Para que a expansão que se pretende seja efectiva importa começar por criar interesse no mercado interno pelas peças de artesanato verdadeiro, por forma que não as vejamos, como é o caso mais frequente, a serem totalmente substituídas como elemento decorativo, pelos recuerdos, os souvenirs, etc.
Vozes: - Muito bem!
O Orador: - Quanto à divulgação do nosso artesanato no estrangeiro, um aceno da maior simpatia tem de ser dirigido ao Fundo de Fomento de Exportação pela obra meritória que tem realizado. São disso concludente prova algumas exposições de ensaio levadas a efeito em feiras internacionais na França, Inglaterra, Estados Unidos da América, Alemanha, Bélgica, Suécia, Suíça, Áustria, Itália, Canadá e Brasil e as «semanas portuguesas» organizadas em grandes armazéns de Paris, Bruxelas, Lausana e Londres, que permitiram revelar ser fácil a colocação de vários tipos de produtos artesanais, chegando até a dar-se nessas «semanas portuguesas» a que aludi o facto significativo de os stocks previamente calculados para oito dias terem sido de tal maneira disputados pelo público que a sua venda total se operou em um ou dois dias.

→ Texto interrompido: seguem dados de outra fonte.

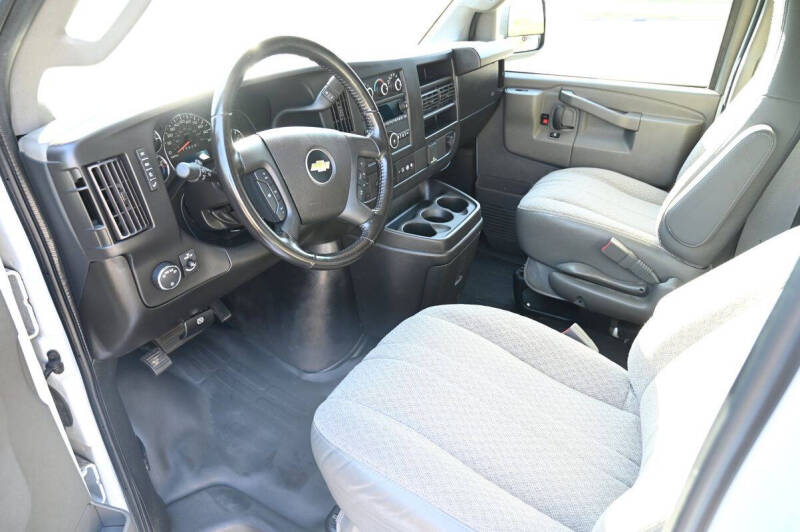 2023 Chevrolet Express 2500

António Santos da Ganha: - V. Ex.ª dá-me licença?
O Orador: - Faz favor.
O Sr. António Santos da Cunha: - Estou escutando com o maior interesse aquilo que V. Ex.ª diz, e acima de tudo queria referir-me aos cursos a que V. Ex.ª se referiu e que na verdade são uma necessidade imperiosa, sobretudo na nossa região. Nomeadamente no concelho em que V. Ex.ª nasceu torna-se premente a criação desses cursos. Mas parece que cursos como os que estão a ser experimentados em Viana do Alentejo não são os mais indicados, dada a extensão a que obrigam - três anos. Para um artífice parece-me de mais, porque entendo que deverá ser estudada a maneira de criar escolas móveis e que, como no caso de Barcelos, se estendessem a diferentes centros de olaria em cursos intensivos, de maneira que ao fim de poucos meses o artífice pudesse ter uma ideia perfeita do assunto.
Outro ponto que tem muito interesse é a aceitação que no estrangeiro tem o nosso artesanato. Posso citar a V. Ex.ª o caso de Évora ter enviado à Feira de Bruxelas um mostruário que foi imediatamente adquirido e quero, por isso, prestar homenagem à Junta Distrital de Évora, que viu assim coroada com esse prémio a decisão de enviar para aquela Feira o mostruário já referido.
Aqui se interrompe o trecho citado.